George Sterian, Cover Design for the first issue of the magazine Architectura (Architecture), 1906

SH: You’ve travelled to do research. Could you tell me a little bit about your fieldwork in Romania?

SK: Yes, that was a very exciting time, because I was doing my PhD research in Romania after the 1989 Revolution, when the country itself was thinking, ‘How do we re-orientate ourselves?’ I was essentially trying to find things that had been forgotten, or hidden away, or dismissed because they weren’t ideologically acceptable. It took a lot of time to find basic information. I didn’t have the internet, and a lot of my research was the meticulous searching of documents, looking for dates, looking for evidence.

SH: How did you find out about these objects?

SK: Well, first of all, there was a big lacuna in the available literature on Central and Eastern Europe at the turn of the twentieth century.
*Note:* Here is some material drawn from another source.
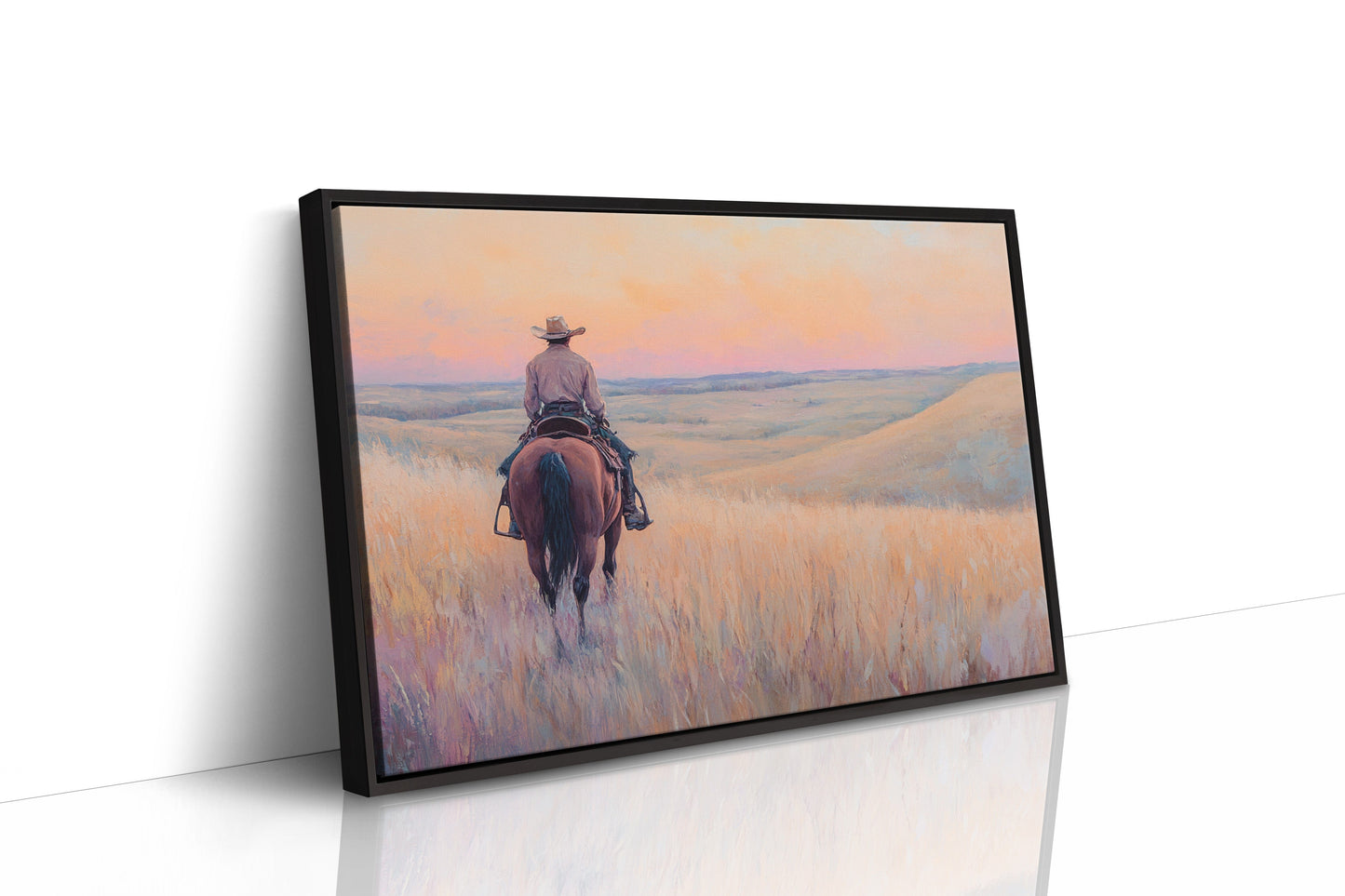 Where the Light Lands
I couldn’t understand why nobody had written about Romania until I got there, and realised there was either no information available, or the existing information was very ideologically skewed. The turn of the century was considered by the communists to be a time of bourgeois capitalist production of art, so much of what I was interested in was written out of the history books.

But while I was in Romania – actually, I taught English there in the summers as an undergrad – I kept coming across things that I thought were hugely exciting, but could never find any information on.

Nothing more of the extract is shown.